Première Guerre Mondiale

La face sombre du Tir national

À l’emplacement de l’actuel bâtiment de la RTBF-VRT (boulevard Reyers), se dressait, jusqu’en 1963, un bâtiment militaire, le Tir national. Ce dernier servait aux entraînements de tirs pour les soldats mais aussi pour les particuliers. Cependant, pendant les deux guerres mondiales, il eut une plus sinistre fonction.

Histoire du bâtiment

Un premier bâtiment est construit place Dailly en 1859, à l’emplacement de l’actuelle Caserne prince Baudouin. Pour des raisons techniques et de sécurité, le Tir national est reconstruit sur une plaine alors plus isolée de l’agglomération.
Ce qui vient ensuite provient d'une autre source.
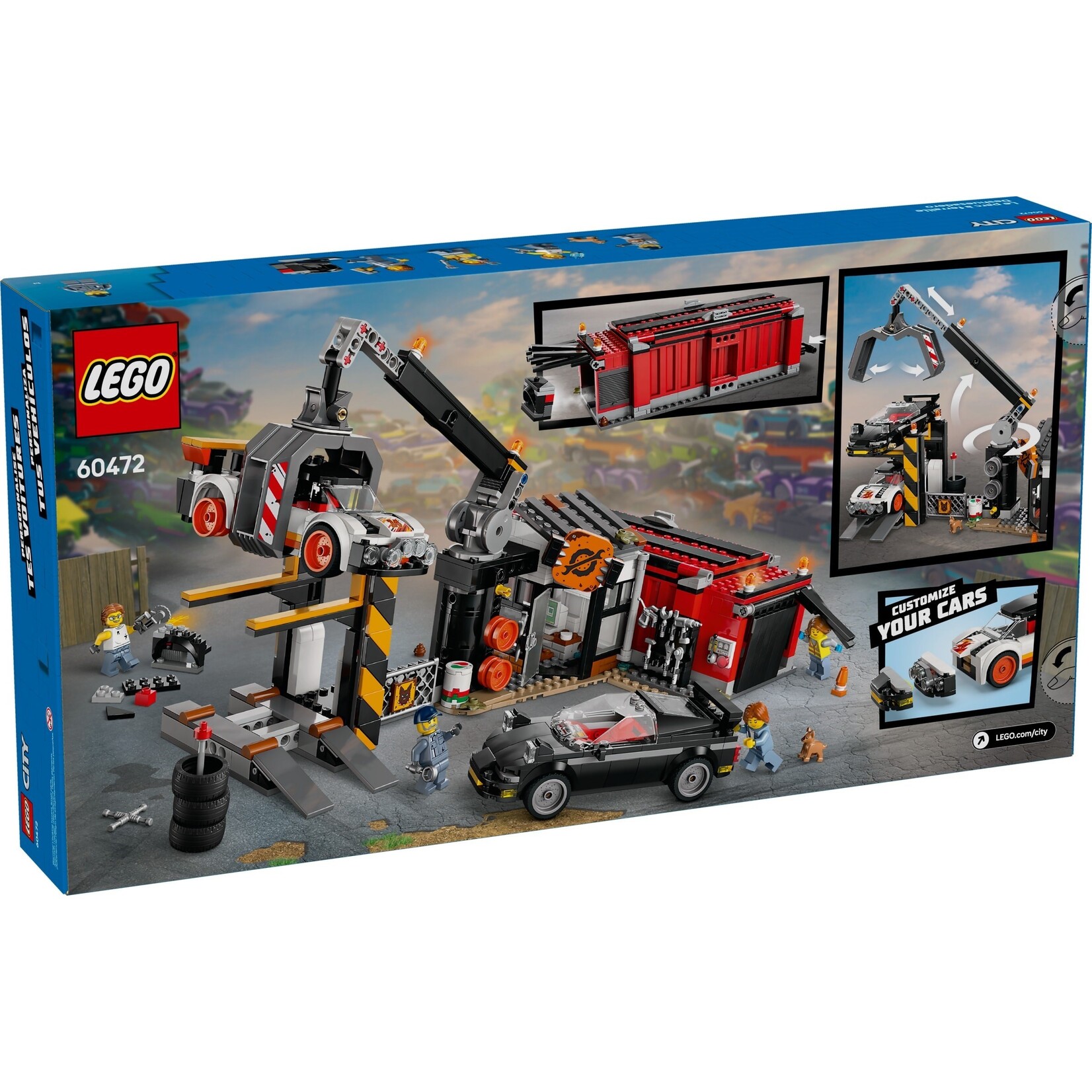 LEGO Schroothoop met auto's - 60472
L’inauguration du nouveau bâtiment a lieu le 15 juillet 1889.

[Le premier Tir national (actuelle place Dailly), page du journal L’Illustration européenne, 28 septembre 1872, Fonds Van den Haute, Archives communales de Schaerbeek]
[Le Tir national (actuel boulevard Reyers), cartes postales, Fonds Van den Haute, Archives communales de Schaerbeek]

[Vue intérieure du Tir national, carte postale, vers 1900, Fonds Van den Haute, Archives communales de Schaerbeek]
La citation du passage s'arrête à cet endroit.